Abstract: This case study presents a utility distribution system harmonic analysis evaluation. The simulations were completed using the SuperHarm program. The analysis included frequency response and harmonic distortion simulations for a 13.2 kV substation and several industrial customers with power factor correction capacitor banks. The mitigation alterative included a shunt passive harmonic filter which reduced voltage distortion levels below the specified limitations.
INTRODUCTION
A distribution system harmonic analysis case study was completed for the system shown in Figure 1. The 13.2 kV utility substation included a 15 MVA, 230 kV/13.2 kV step-down transformer and a number of distribution feeders that supplied several industrial customers.
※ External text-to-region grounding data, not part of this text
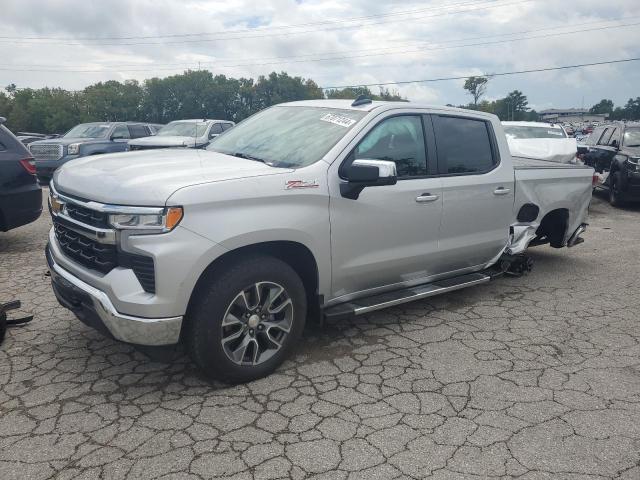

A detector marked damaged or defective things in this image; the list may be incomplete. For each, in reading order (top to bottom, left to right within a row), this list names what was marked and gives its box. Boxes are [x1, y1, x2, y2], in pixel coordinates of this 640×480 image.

cracked asphalt pavement [1, 192, 640, 480]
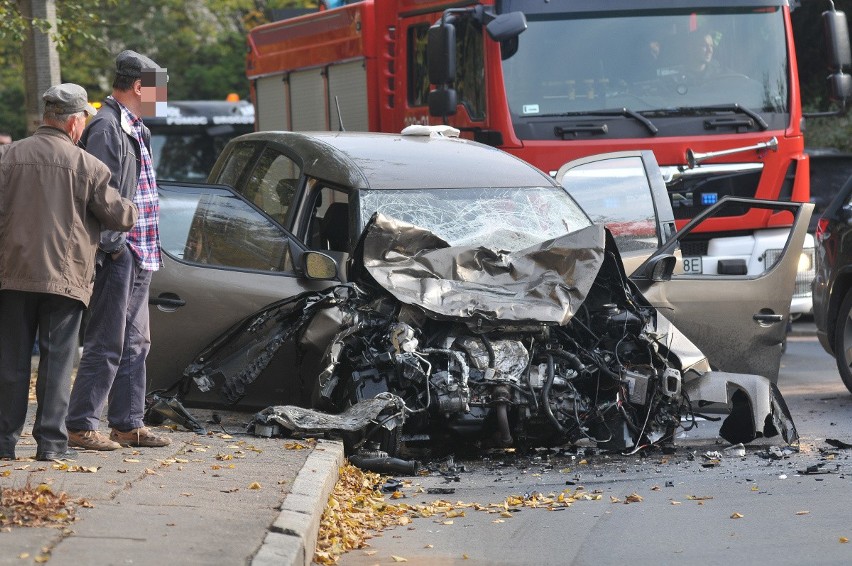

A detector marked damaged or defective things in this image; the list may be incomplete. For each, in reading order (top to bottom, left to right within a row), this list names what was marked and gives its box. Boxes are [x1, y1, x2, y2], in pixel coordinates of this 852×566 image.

shattered windshield [502, 6, 788, 139]
shattered windshield [356, 186, 588, 251]
wrecked car [148, 130, 812, 458]
crumpled metal panel [360, 215, 604, 326]
crumpled car hood [362, 215, 604, 326]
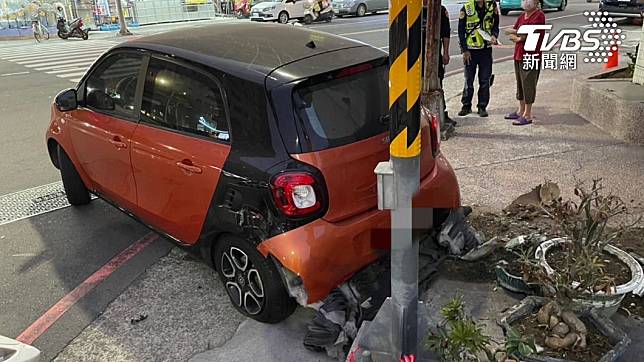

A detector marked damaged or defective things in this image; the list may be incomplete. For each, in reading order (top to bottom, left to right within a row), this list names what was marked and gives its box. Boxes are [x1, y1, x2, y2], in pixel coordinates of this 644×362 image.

damaged rear bumper [254, 154, 460, 304]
There was a 2,400 kVAr, 13.2 kV capacitor bank at the substation bus and 600 kVAr and 450 kVAr capacitor banks on the two distribution feeders. The customer loads included 600 kVAr, 480 V power factor correction capacitor banks and a variety of nonlinear devices. The case study was completed using the SuperHarm® program. The accuracy of the simulation model was verified using three-phase and single-line-to-ground fault currents and other steady-state quantities.

SIMULATION RESULTS
Relevant utility system and customer data for the case included:
Substation capacitor bank rating: 2,400 kVAr
Short-circuit capacity at the 13.2 kV bus: 168 MVA (ISC = 7.326 kA)
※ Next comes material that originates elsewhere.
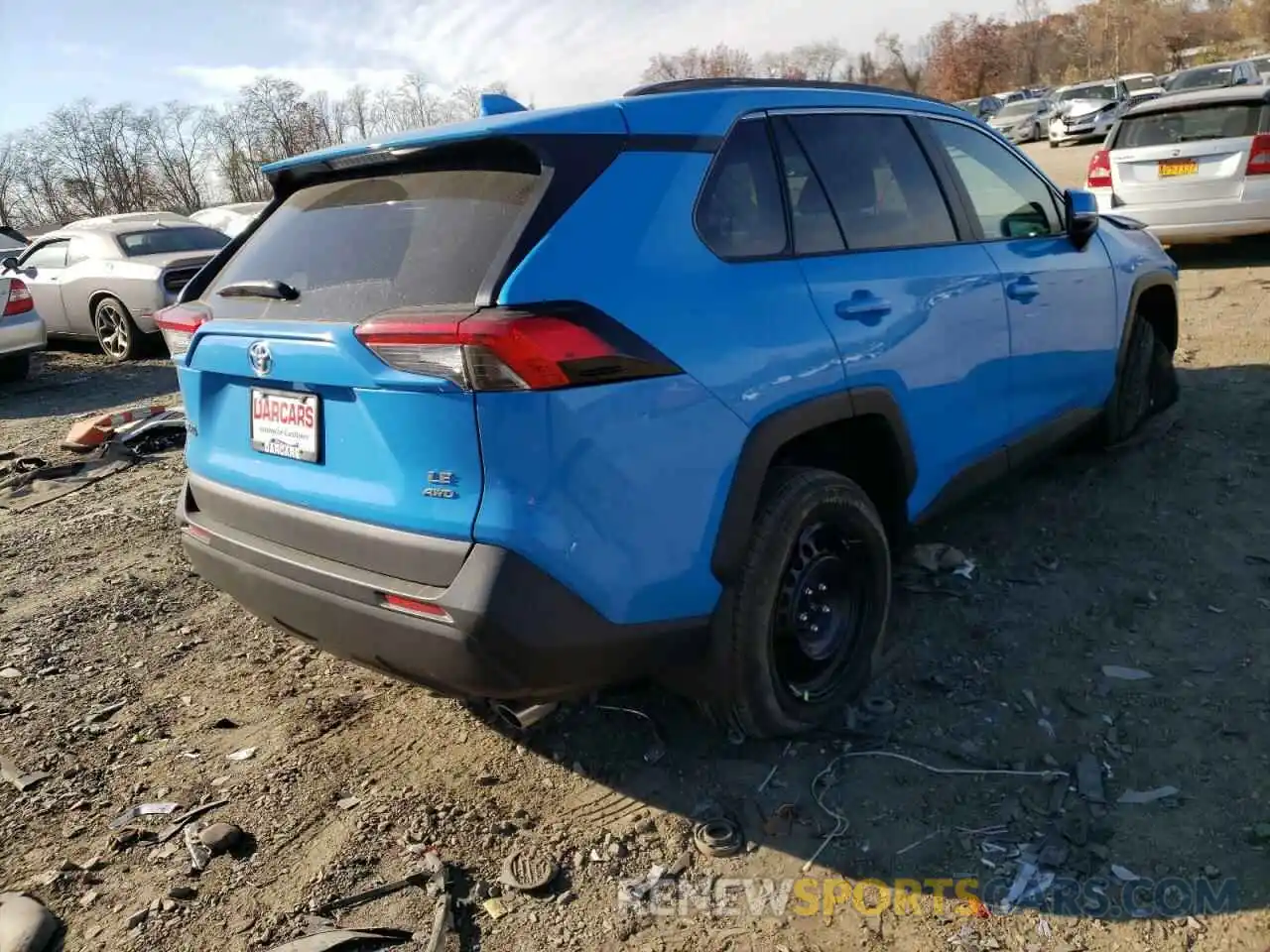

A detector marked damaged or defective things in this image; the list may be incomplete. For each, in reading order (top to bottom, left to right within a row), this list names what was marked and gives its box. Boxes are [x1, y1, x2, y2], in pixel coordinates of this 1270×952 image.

damaged car in background [1046, 79, 1127, 148]
damaged car in background [1, 214, 228, 363]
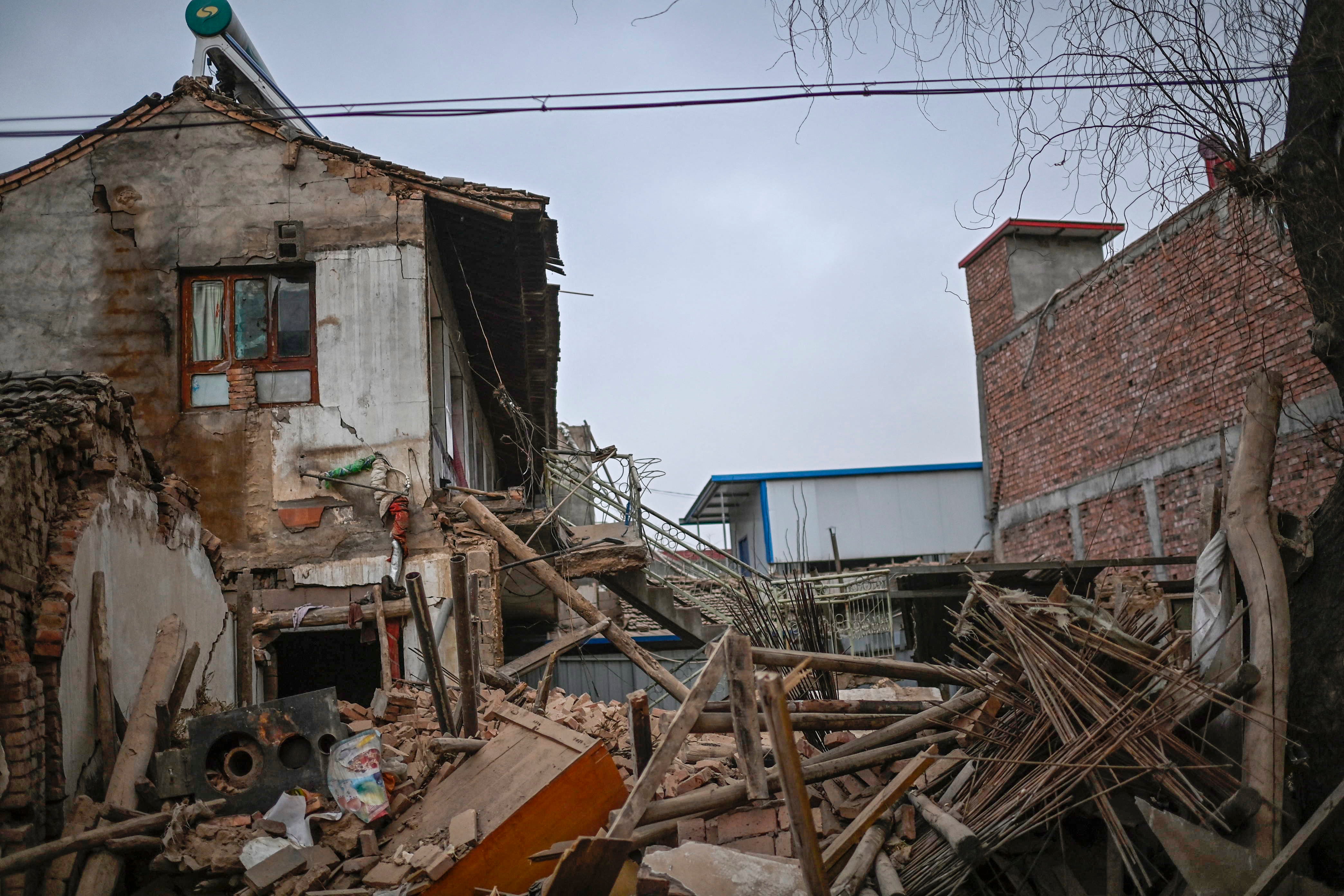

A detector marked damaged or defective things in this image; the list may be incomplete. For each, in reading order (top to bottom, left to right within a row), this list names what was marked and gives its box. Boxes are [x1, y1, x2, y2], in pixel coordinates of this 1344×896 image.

Substation load: 5,000 kVA, 0.95 pf
Feeder load: 1,500 kVA, 0.80 pf
Feeder capacitor bank ratings: 450 kVAr, 600 kVAr
Customer capacitor bank rating: 600 kVAr
Miscellaneous linear load: 800 kVA
Fluorescent lighting (ITHD = 21.7%): 400 kVA
DC drive (ITHD = 35.3%): 300 hp
PWM ASD (no choke – ITHD = 130.8%): 75 hp
PWM ASD (with 3% choke – ITHD = 45.1%): 100 hp
Switch mode power supplies (ITHD = 77.2%): 90 kVA
Figure 2 shows a representative simulated nonlinear load model current waveform (single phase) for the 300 hp dc drive operating at 75% power factor. The current had a fundamental frequency value of 343 A, an rms value of 363 A, and a THD value of 35.3%. The simulated waveform shown in Figure 2 was created using an inverse DFT with 256 points per cycle. The nonlinear load characteristics were determined using field measurements at the customer facilities.
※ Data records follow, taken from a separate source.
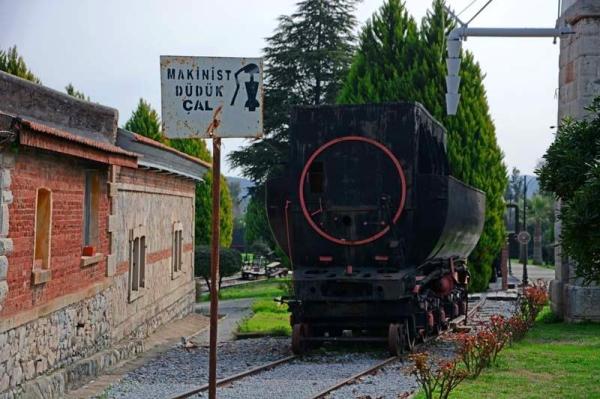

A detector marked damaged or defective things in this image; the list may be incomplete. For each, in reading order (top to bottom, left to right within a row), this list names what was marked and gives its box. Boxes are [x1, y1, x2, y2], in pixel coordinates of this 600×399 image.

rusty train car [268, 103, 488, 356]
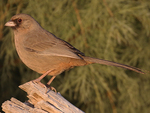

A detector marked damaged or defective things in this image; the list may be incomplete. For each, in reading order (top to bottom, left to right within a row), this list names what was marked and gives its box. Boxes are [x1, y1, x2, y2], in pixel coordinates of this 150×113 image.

splintered wood [1, 81, 84, 112]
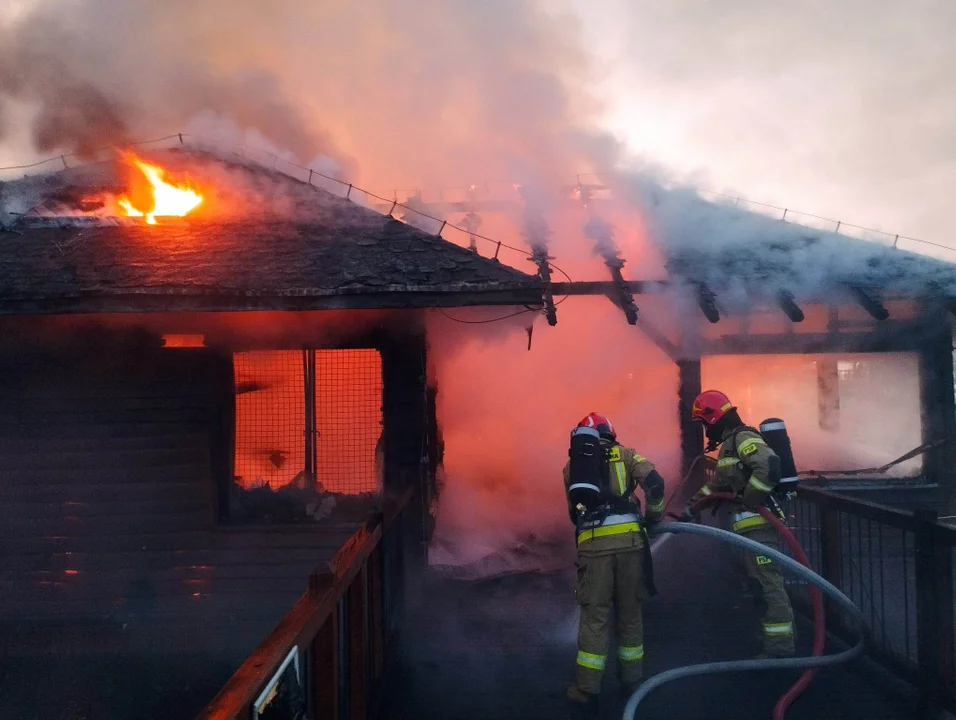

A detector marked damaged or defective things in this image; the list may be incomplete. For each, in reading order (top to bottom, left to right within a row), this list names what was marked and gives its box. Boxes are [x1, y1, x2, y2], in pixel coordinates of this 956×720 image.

charred wooden beam [532, 248, 560, 326]
charred wooden beam [696, 284, 716, 324]
burnt rafter [692, 284, 720, 324]
charred wooden beam [776, 290, 808, 324]
burnt rafter [776, 290, 808, 324]
charred wooden beam [852, 286, 888, 320]
burnt rafter [848, 286, 892, 322]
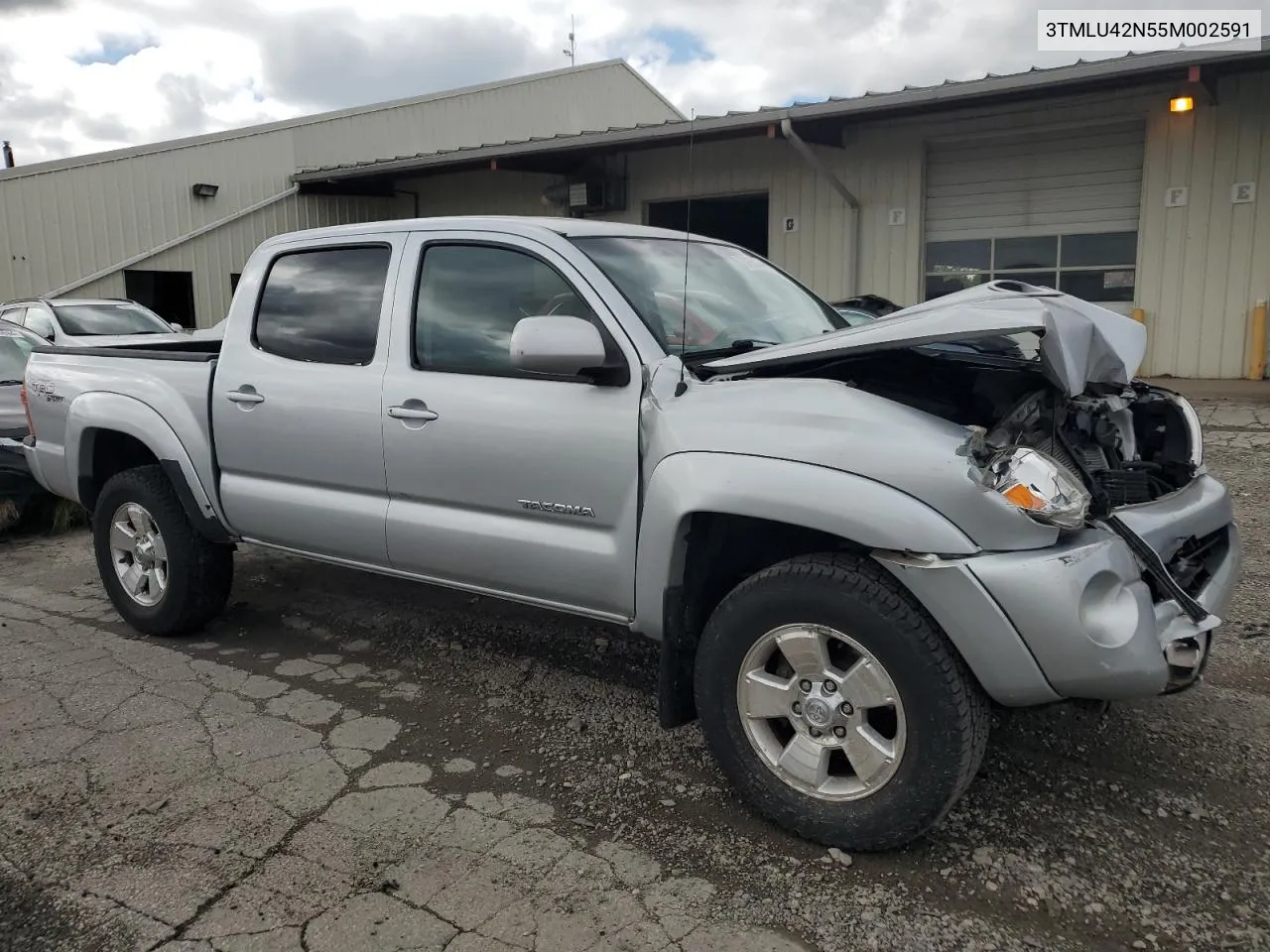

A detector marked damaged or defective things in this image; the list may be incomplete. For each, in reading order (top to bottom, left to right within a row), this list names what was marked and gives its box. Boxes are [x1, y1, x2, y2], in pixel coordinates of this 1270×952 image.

crumpled hood [706, 280, 1151, 395]
cracked pavement [7, 391, 1270, 948]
Figure 3 shows the impedance vs. frequency simulation result with the 2,400 kVAr, 13.2 kV substation capacitor bank in service (Case 7b). The base-case result with no utility or customer capacitor banks in service (Case 7a) is also shown on the graph so the two conditions can be easily compared. The simulated parallel resonance due to the addition of the shunt capacitor bank was 504 Hz (8.4th harmonic). A simple expression may be used to validate this result:
hr ≈ √ (MVA3Φ / MVAr3Φ) = √ (168 / 2.4) = 8.37 (502 Hz)
In addition, the simulated steady-state voltage rise with the 2,400 kVAr, 13.2 kV capacitor bank in service was 1.4%. This value may be validated using the following expression:
ΔV = (MVAr3Φ / MVAsc ) * 100 = (2.4 / 168) * 100 = 1.43%
where:
hr = parallel resonant frequency (x fundamental)
ΔV = steady-state voltage rise (per-unit)
MVA3Φ = three-phase short circuit capacity (MVA = √313.2 kV7.3kA≈168MVA)
MVAr3Φ = three-phase capacitor bank rating (MVAr)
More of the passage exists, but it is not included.